Kiya it is then. Harrison nodded.
“Come on.”
They crept toward the double-rollered doors of the warehouse. They whirred open.
“Don’t let them see you,” Adam murmured and pressed himself against the building, hiding in the swirling fog. Lightning flickered and thunder growled. Harrison imitated his brother, pressing his body against the wall and narrowing his eyes as two men in black hooded robes and bull masks exited the warehouse carrying a sarcophagus.
“It’s Wing Tips and Nike with my sarcophagus,” Adam whispered. “Where are they going with it?”
Wing Tips and Nike? Had his brother gone completely mental?
The men hauled the ancient Egyptian coffin to the car parked at the curb. That’s when Harrison realized it was Tom Grayfield’s limo.
His pulse leaped. What to do? He had no weapon. If the men had guns, they would just pull them out and shoot him if he tried anything heroic at this juncture.
More important, where was Cassie? Was she inside the warehouse? Inside the limo? Or—and the fear that blasted through his veins was blistering and thick—was she in the sarcophagus?
From out of the warehouse stalked Tom Grayfield, also wearing a black robe. He carried in one hand a bull’s head like the one a college football team mascot might wear, a derringer in the other.
“Nebamun.” Adam spit out the word.
Huh?
“I will kill him,” Adam said.
Harrison had to grab his brother by the scruff of his swaddling linen and hold him back. “He’s got a weapon; you don’t. He’ll kill you, and then where will Kiya be?”
He understood Adam’s anger. His vehemence. It took everything he had inside him not to succumb to his rage and charge Grayfield. But he could not afford to act on impulse. Cassie’s life was at stake.
What was his weakness was also his strength. While his ability to detach from his emotions might cause him problems in intimate relationships, in instances like this it was a valuable talent. He needed a plan and he needed it fast. Wing Tips, who was really Grayfield’s driver, Anthony Korba, unlocked the trunk.
“My sarcophagus,” Adam whimpered as the men loaded it into the trunk.
Don’t just stand there, do something. Harrison froze. His brain froze. He couldn’t react. Do something, do something.
Korba got behind the wheel. The other guy held the back door open for Grayfield to slide in, and then he hopped into the passenger seat.
They were going to get away. And his Volvo was smashed in
to a stop sign half a block over with two flat tires.
Adam took off running in the opposite direction just as the limo started.
“Where are you going?” Harrison called out.
“To the chariot. We must catch them.”
The chariot? Something very weird was going on with his brother.
Adam disappeared into the fog, and Harrison had to sprint to keep up with him. He heard a car engine roar to life. From out of the mist drove a delivery van, the mummy at the wheel. He screeched to a halt beside Harrison.

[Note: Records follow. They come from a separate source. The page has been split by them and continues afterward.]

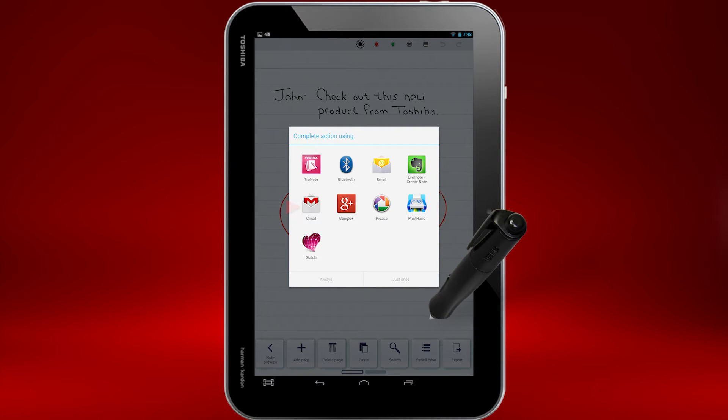In this case, I've decided I don't want to share in any of these ways, so I'll touch outside the white Complete Action Using box.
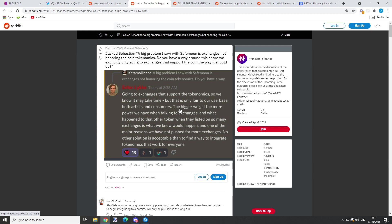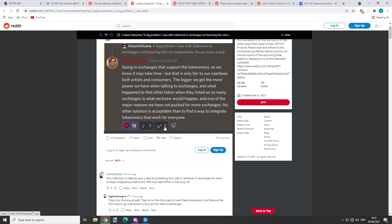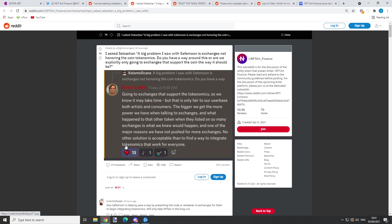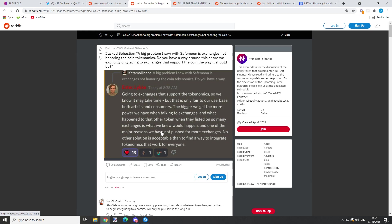But that's probably not a good idea. By the way he replies to this question, it just makes sense. He says: 'We are going to exchanges that support the tokenomics, so we know it may take time, but that is only fair to our user base, both artists and consumers. The bigger we get, the more power we have when talking to exchanges. What happened to that other token when they listed on so many exchanges is what we knew would happen, and one of the major reasons we have not pushed for more exchanges.'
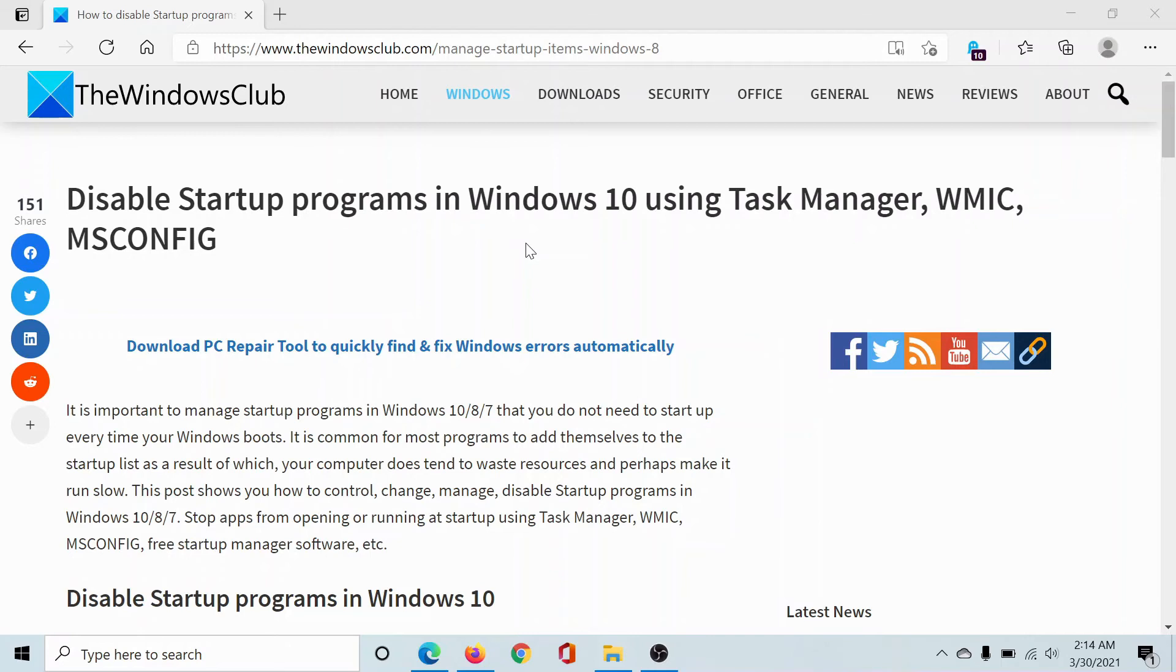If you have any doubts with this, please go to the original article on The Windows Club, scroll down to the comment section, and write your query. We will surely answer it. Do not forget to subscribe to the channel. Thank you for watching this video and have a nice day.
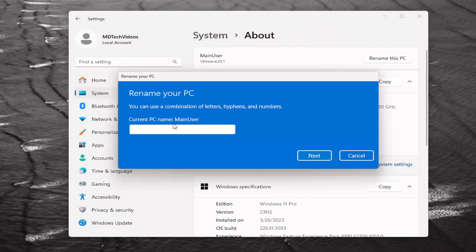At this point, go ahead and rename it whatever you want. And then you would select next, and then it would rename the computer.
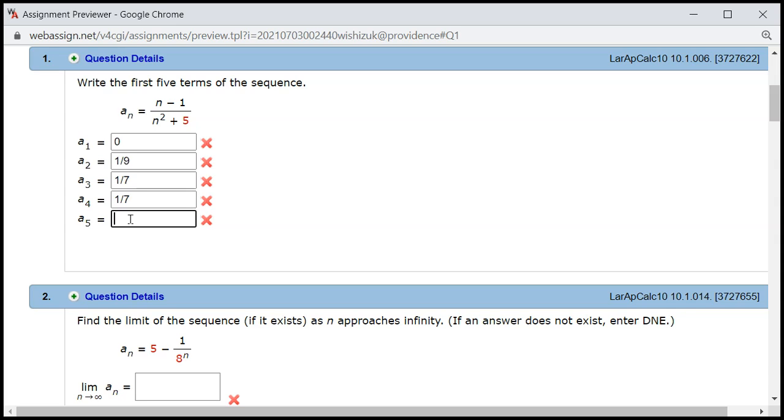All right, a₅. So you have 5 minus 1 is 4, divided by 5 squared is 25 plus 5 is 30. All right, so both even numbers, so divide by 2 is 2 over 15. That's it.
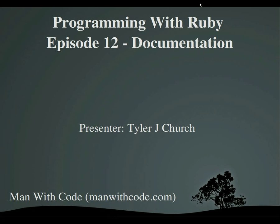Hello everybody, and welcome to Programming with Ruby, Episode 12 Documentation. I'm Tyler, and this video is brought to you by manwithcode.com.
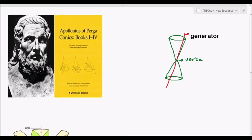The generator is defined as a line lying entirely on the cone and passing through the vertex. This line serves as a guide — it is the reference point at which we slice the double right cone in order to achieve the different conic sections.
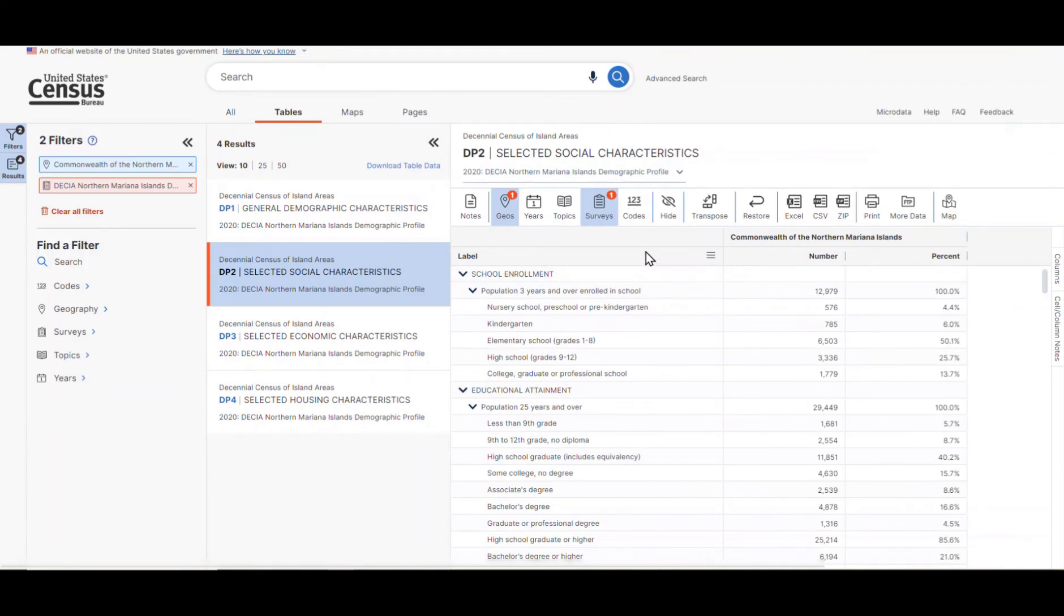We can see that this table has a lot of different data available. School enrollment, marital status, veteran status, and disability status, just to name a few.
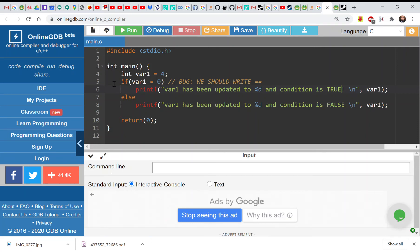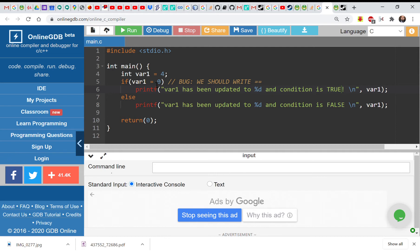So let's see what will happen if you are using C programming language and we try to check the equality condition on var1. We have variable var1 of type int equal to 4, then we check whether var1 is equal to 0. So we are doing equality check, but in fact we are doing assignment operation. So this is a bug.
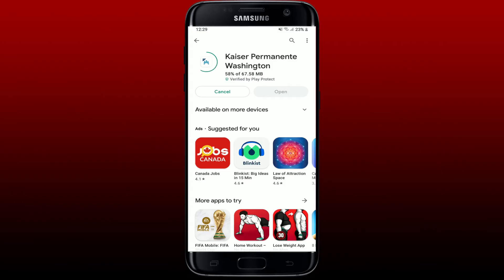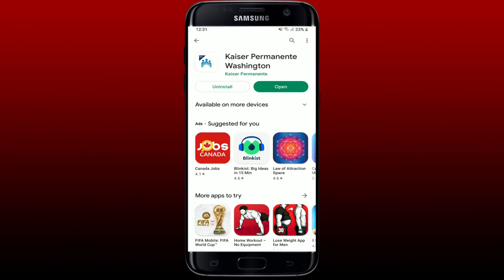After the application has been downloaded, it'll take a while for installation — wait until it installs on your Android phone, which is a quick process depending upon your internet speed. Once the application is downloaded and ready to use, you can see an Open button. Give it a tap to launch your kp.org application.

Harrison jumped in, and Adam floored it before he even had the door closed. The delivery van leaped forward, in hot pursuit of the limousine.

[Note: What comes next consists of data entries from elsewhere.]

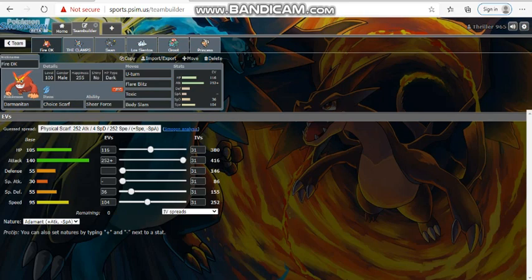Number five on the kill leaderboard right now with Darmanitan. Flare Blitz, Toxic, and Body Slam. Very weird set, I know. But hear me out. 116 HP, max attack Adamant, and 36 defense with leftover, and then 104 speed. The speed guarantees that I am faster than Greninja unless Greninja reveals Choice Scarf. And this is max speed Greninja. I did not take the gamble like I should have against Neely last time with my Scarf Kiss.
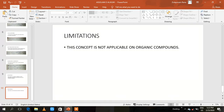This concept also has some limitations. The basic limitation is that this concept is not applicable to organic compounds. Another limitation is that compounds which act as an acid in one reaction may also act as a base in another reaction.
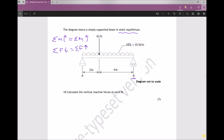In this example, because we're only asked to find one of the support reactions, we only need to apply the first equation: the sum of the moments clockwise equals the sum of the moments anti-clockwise. I'm going to take moments about the left hand support — point A — to eliminate the effect at A when evaluating turning moments, allowing us to find the force at the right hand support.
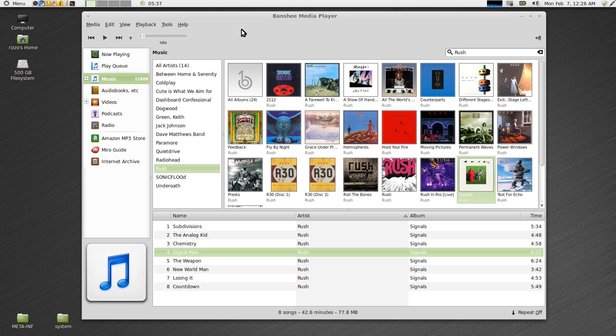So that's it for my application review on Banshee, the Linux music player. And we'll catch you guys next time.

It was only after they spied the limo’s taillights glinting through the drizzling fog that it occurred to Harrison that Cassie might still be in the warehouse. No time for second-guessing, although it was his instinct to question, question, question. He was committed to this course of action. Cassie had to be in the sarcophagus.

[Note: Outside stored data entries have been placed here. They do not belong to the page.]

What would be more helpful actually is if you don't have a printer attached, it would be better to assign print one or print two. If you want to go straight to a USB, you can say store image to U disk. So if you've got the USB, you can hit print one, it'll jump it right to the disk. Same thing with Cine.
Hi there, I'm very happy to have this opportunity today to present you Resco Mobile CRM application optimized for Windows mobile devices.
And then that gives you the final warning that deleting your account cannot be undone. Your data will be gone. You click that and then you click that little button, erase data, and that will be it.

A loud thumping noise came from the back of the van. Startled, he looked over at Adam. “What’s that?”
Adam shrugged. “Boreas. Ignore him. He’s been doing that all day.”
“Boreas? The leader of the group of warriors who sold Solen into slavery?”
“Yes,” Adam hissed. “That traitor Boreas.”
Thump, thump, thump. Who was really in the back?
“Adam, you have to stop the car. You have to let Boreas out.”
“Can’t,” Adam said grimly, bandaged hands clamped on the steering wheel, eyes fixed on the car ahead of them. “Nebamun’s got Kiya.”
He had a good argument.
Thump, thump, thump. What in the hell was going on back there?
They were approaching a railroad crossing. Harrison could hear the warning bells of an oncoming train. He saw the flashing lights glaring against the fog. In the distance, the train blew a long, mournful whistle.
The limo scooted across the tracks just as the signal arm started to descend.
Thump, thump, thump.
The train whistle blew again, louder, closer. The headlights cut through the rain and fog.